• Task details
Print exactly the lines below between the line containing "New 2026 Chevrolet" and the line containing "BMW iX5 Hydrogen, il", counting both of those lines. Leave pictures out.

• Records to use

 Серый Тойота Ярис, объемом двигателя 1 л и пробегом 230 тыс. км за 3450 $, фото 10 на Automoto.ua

---

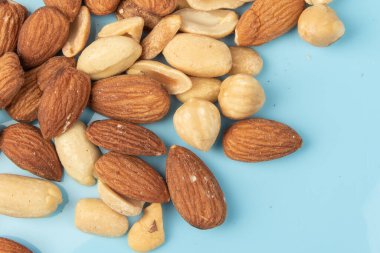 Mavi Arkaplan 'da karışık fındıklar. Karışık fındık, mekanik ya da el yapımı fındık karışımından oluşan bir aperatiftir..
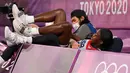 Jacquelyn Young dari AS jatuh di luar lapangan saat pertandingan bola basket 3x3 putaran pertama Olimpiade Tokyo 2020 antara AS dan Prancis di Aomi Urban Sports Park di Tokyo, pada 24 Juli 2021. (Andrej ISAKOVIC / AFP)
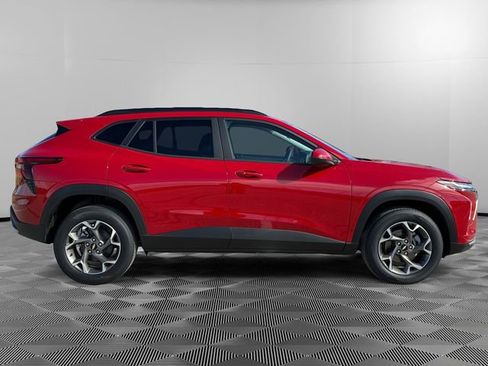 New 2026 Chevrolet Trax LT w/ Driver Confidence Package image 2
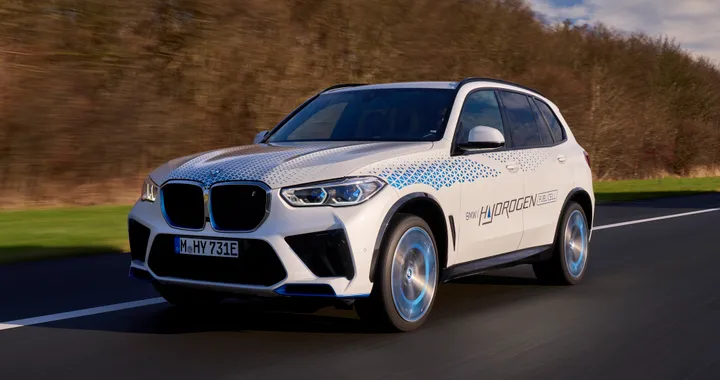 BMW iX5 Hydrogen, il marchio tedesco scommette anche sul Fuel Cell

==

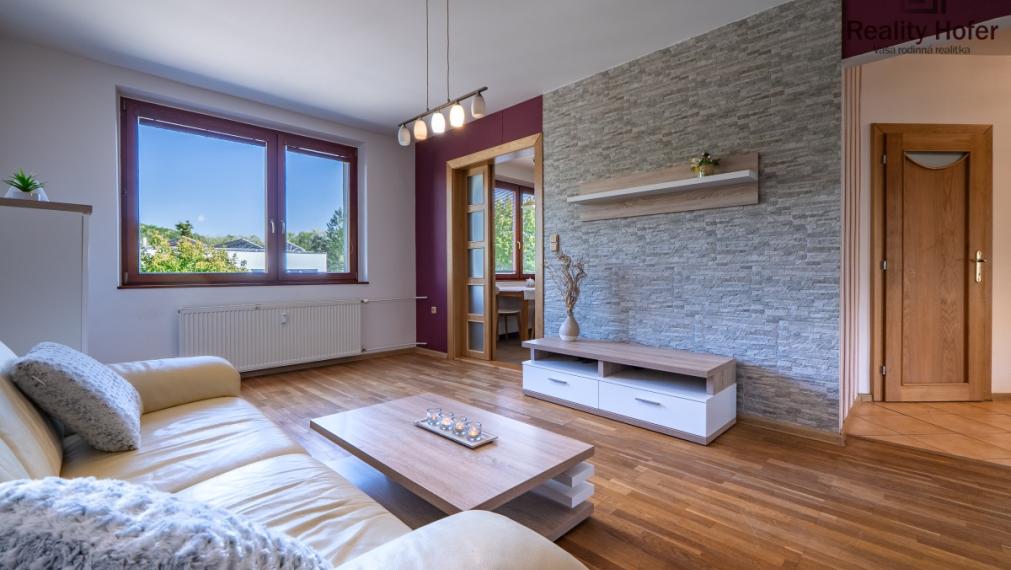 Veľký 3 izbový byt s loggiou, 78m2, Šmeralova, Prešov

• Output below
 New 2026 Chevrolet Trax LT w/ Driver Confidence Package image 2
 BMW iX5 Hydrogen, il marchio tedesco scommette anche sul Fuel Cell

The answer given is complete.